# Work instructions
Set down every line from the one containing "Lancia 037 Bastos" through the last line of the records below, exactly as written, and leave out the pictures.

++++++

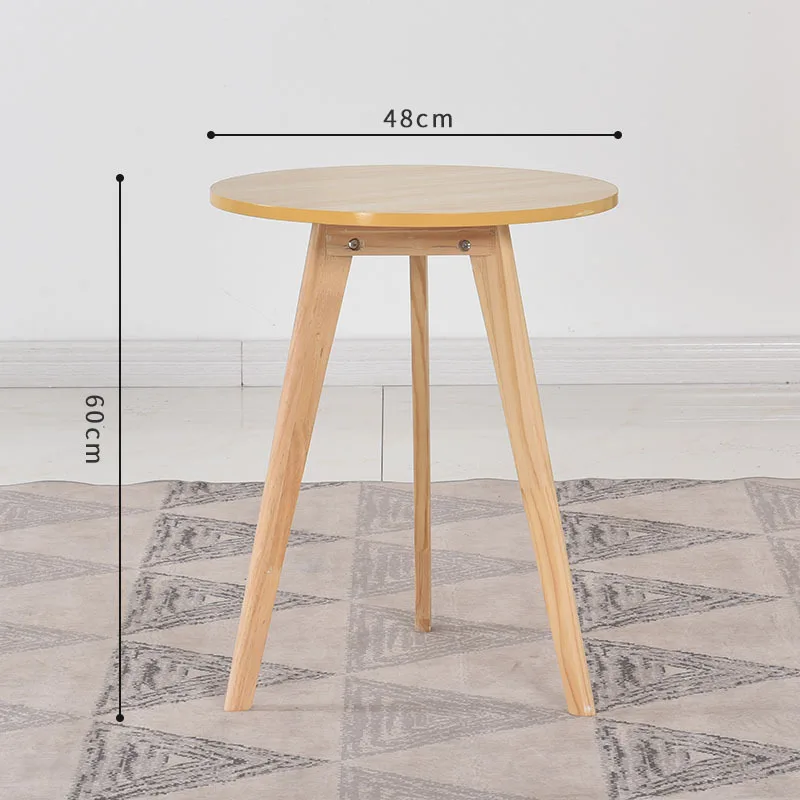 Деревянный журнальный столик 2020 поднос для сервировки чая фруктов закусок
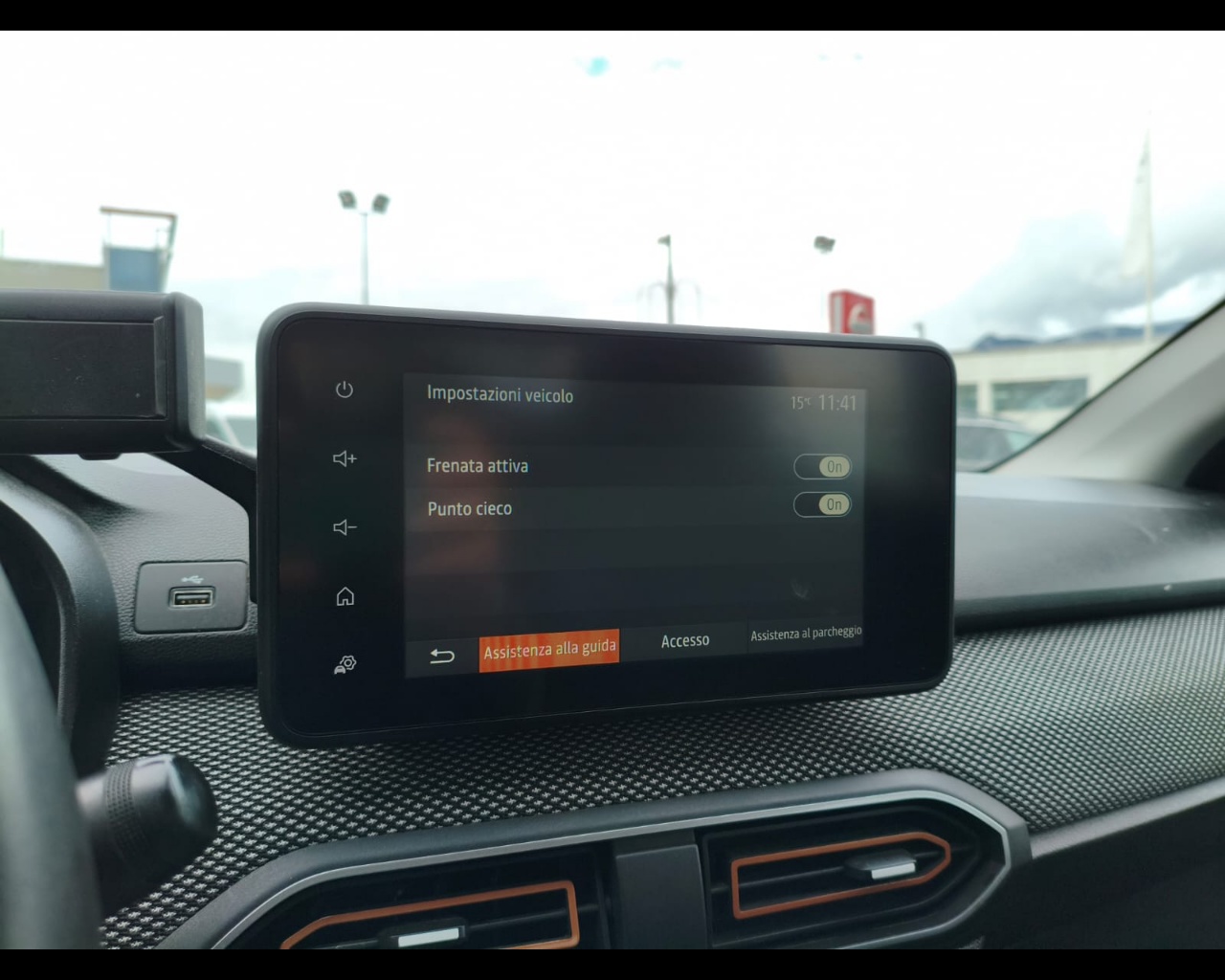 Foto DACIA Sandero Stepway 1.0 tce Expression Eco-g 100cv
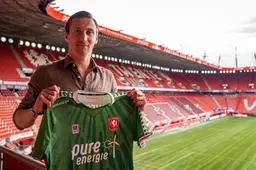 DONE DEAL: FC Twente presenteert 35-jarige Poolse doelman Tyton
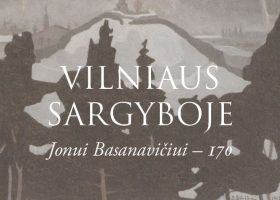 Įrašo "Paroda „Vilniaus sargyboje: Jonui Basanavičiui – 170“" reprezentacinis paveikslėlis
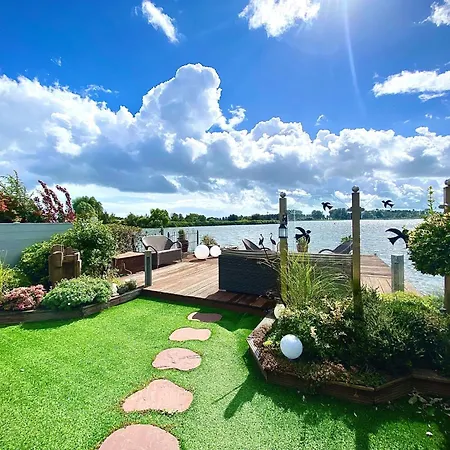 Vakantiehuis Direkt Am By Interhome Wervershoof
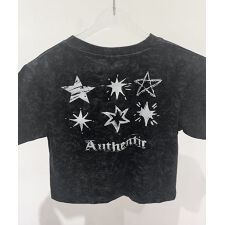 【aimoha-KIDS-】プリント　キッズTシャツ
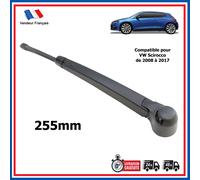 Spazzola Braccio D'Essuie Vetro Posteriore Cabochon per VW Scirocco (137, 138)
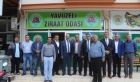 Gaziantep Tarımsal Koordinasyon Kurulu Toplantısı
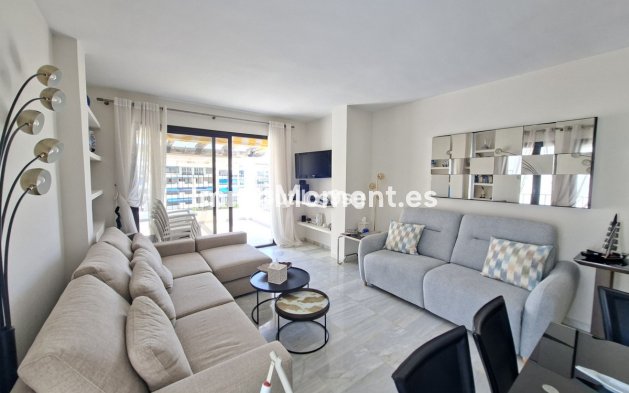 Revente - Appartement - Marbella - Puerto Banús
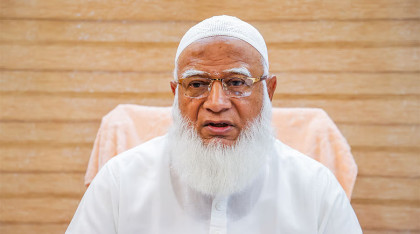 উস্কানিতে পা না দিয়ে ঐক্য রক্ষার আহ্বান জামায়াত আমিরের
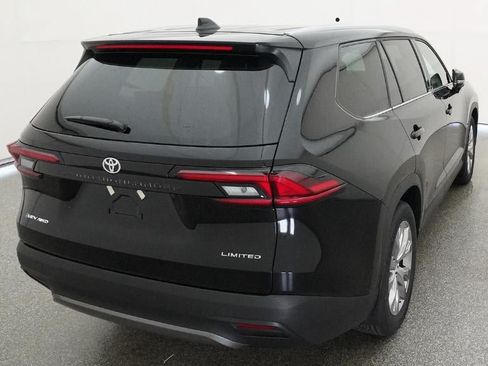 New 2026 Toyota Grand Highlander AWD Hybrid image 8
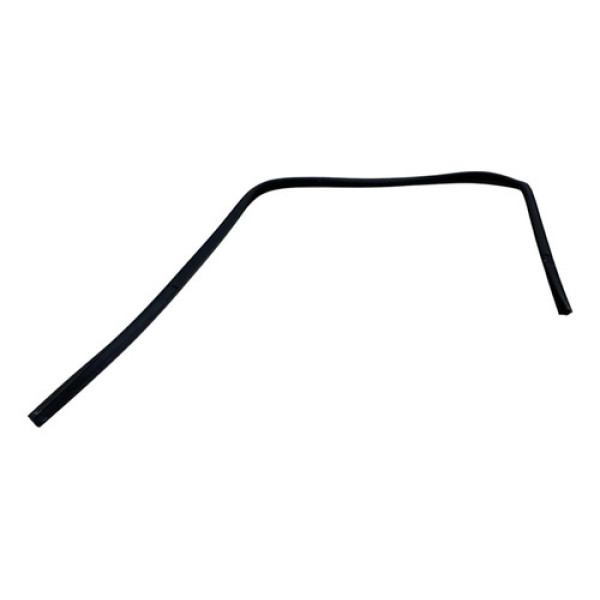 Borracha Canaleta Traseira Dir Gol Voyage G5  2010 2011 2012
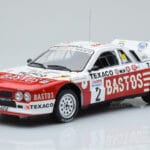 Lancia 037 Bastos #2 P. Snijers / D. Colebunders Rally Ypres 1985 IXO 1:18 18RMC136 Diecast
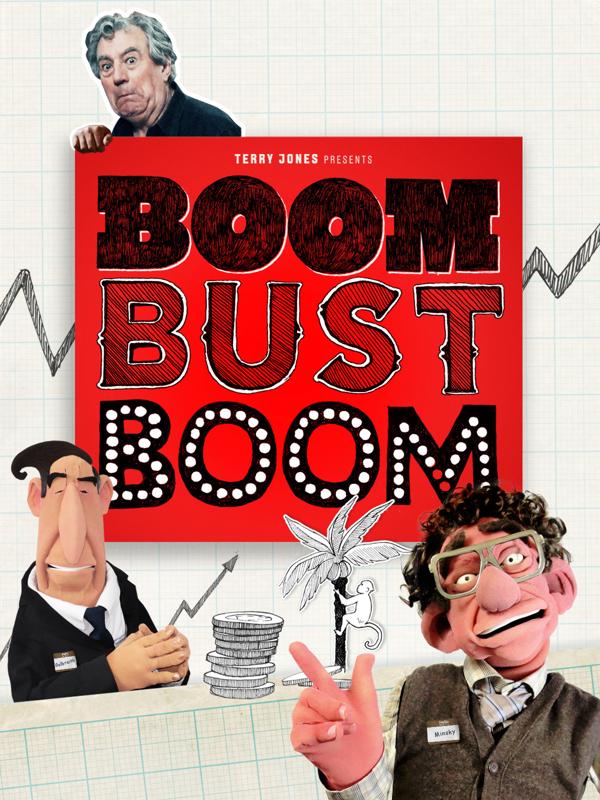 Boom Bust Boom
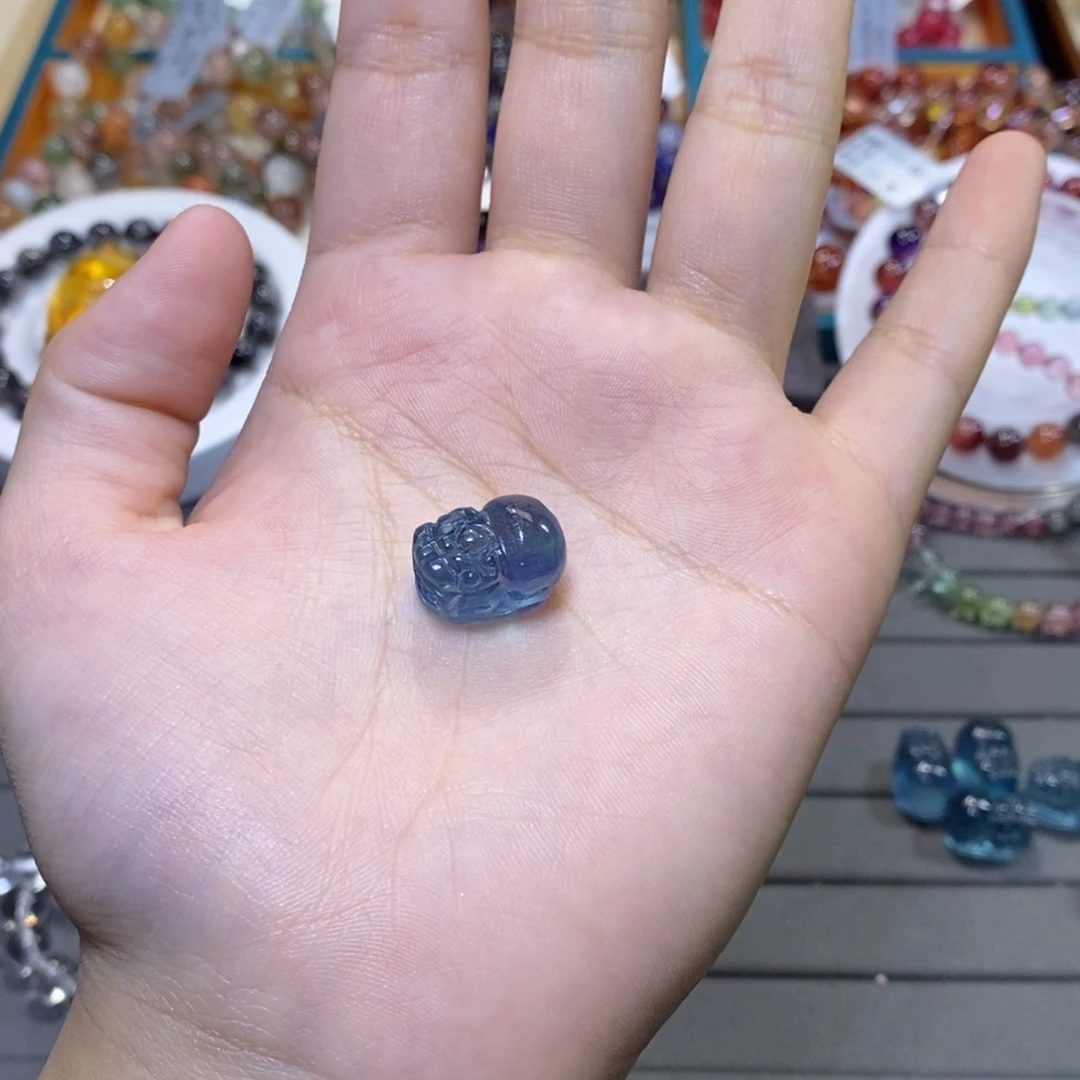 水晶手串未镶嵌小*手串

++++++

# Solution to this problem
 Lancia 037 Bastos #2 P. Snijers / D. Colebunders Rally Ypres 1985 IXO 1:18 18RMC136 Diecast
 Boom Bust Boom
 水晶手串未镶嵌小*手串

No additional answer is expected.